9. The First-tier Tribunal dealt with this aspect of the Appellant's case at paragraph 34. Having accepted that the Appellant did attend a demonstration in central London in July 2014 (some weeks after he had claimed asylum) the First-tier Tribunal concludes:
"I note that the Appellant has not adduced any evidence either oral or in writing to suggest that the Gambian authorities were aware of his attendance at the demonstration. Given that he has friends within the police, National Intelligence Agency and the Immigration Department one would have expected the Appellant would have been able to adduce evidence that the authorities were aware of his attendance at this demonstration and that as a result he was at risk. He has failed to do so and as such I conclude that the authorities were unaware of his attendance at this demonstration".
10. I have considerable doubt about whether Lord Justice Sedley's logic in YB can be extended to apply to any country where human rights abuses take place. He was dealing with an appeal concerning the particular factual matrix relating to Eritrea, an exceptionally paranoid and zealously oppressive state. The country background material was such that it raised an inference that a demonstration outside of the Eritrean embassy in London would be monitored. It was accepted that photographs had been taken, but the Upper Tribunal had dismissed the appeal for the absence of the evidence that the Eritreans had the technology or inclination to identify nationals pictured in them. The inference drawn by Lord Justice Sedley therefore filled a far smaller evidential gap. The Tribunal in this case has simply accepted that the Appellant attended a "low key" demonstration in central London some miles from the Gambian High Commission. Even if I accept, applying the lower standard of proof, that some risk of identification could be inferred, the "real question" remains: would the Appellant simply be viewed by the Gambian authorities as an opportunistic hanger-on rather than an actual political opponent?

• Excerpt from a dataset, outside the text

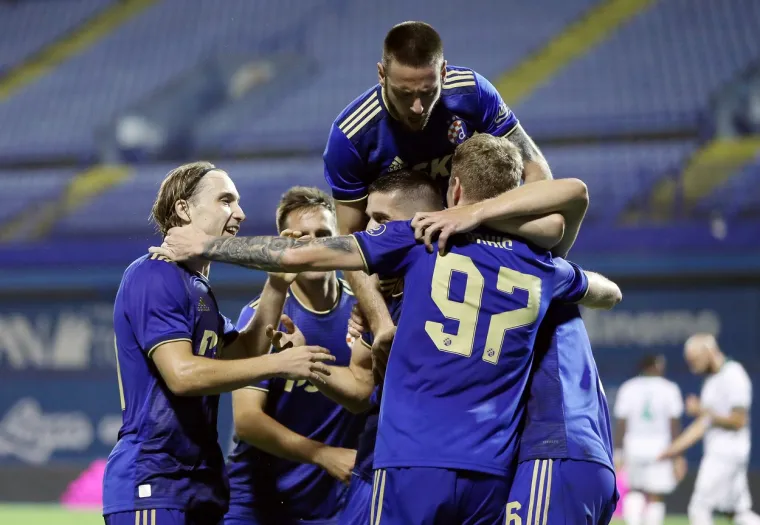 Slavlje nogometa&scaron;a Dinama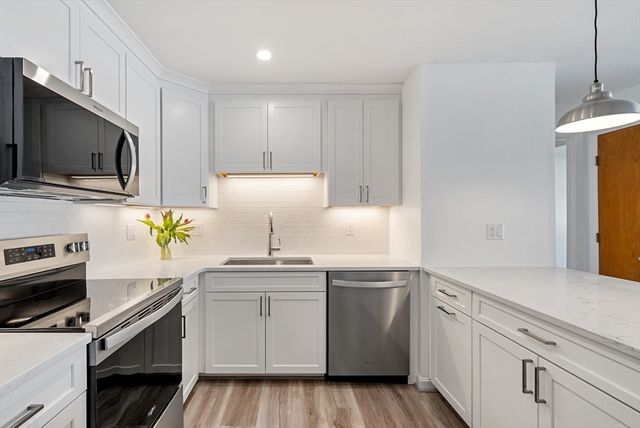 1 Carey Circle 112, Revere, MA 02151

11. The First-tier Tribunal found that the Appellant had been in the UK since 2003 and that for eleven years he did not claim asylum. The Tribunal gave careful consideration to the reasons advanced for that delay, and to the Appellant's claims about his political activity prior to coming to the UK. His explanations were rejected. Having heard the oral evidence the Tribunal could not find, on the lower standard, that the Appellant had ever had any political involvement at all, or that he had ever done anything likely to attract the adverse attention of the Gambian government. In answer to Sedley LJ's "real question" the Appellant would appear to be the classic "opportunistic hanger-on". There was no evidence that he would face a risk on return to Gambia in these circumstances. Whether or not the First-tier Tribunal was entitled to dismiss the appeal for the reasons set out in the grounds, this cannot be shown to be an error such that the decision should be set aside. That is because it was the Tribunal's clear finding that the Appellant was not genuinely involved in politics; nor did he have a reason to fear return to Gambia.
Decisions
12. The determination contains no error of law and it is upheld.
13. In view of the subject matter of this appeal I am satisfied, having had regard to Rule 14 of the Tribunal Procedure (Upper Tribunal) Rules 2008 and the Presidential Guidance Note No 1 of 2013: Anonymity Orders, that it would be appropriate to make a direction for anonymity and do so in the following terms:
"Unless and until a tribunal or court directs otherwise, the Appellant is granted anonymity. No report of these proceedings shall directly or indirectly identify him or any member of his family. This direction applies both to the Appellant and to the Respondent. Failure to comply with this direction could lead to contempt of court proceedings".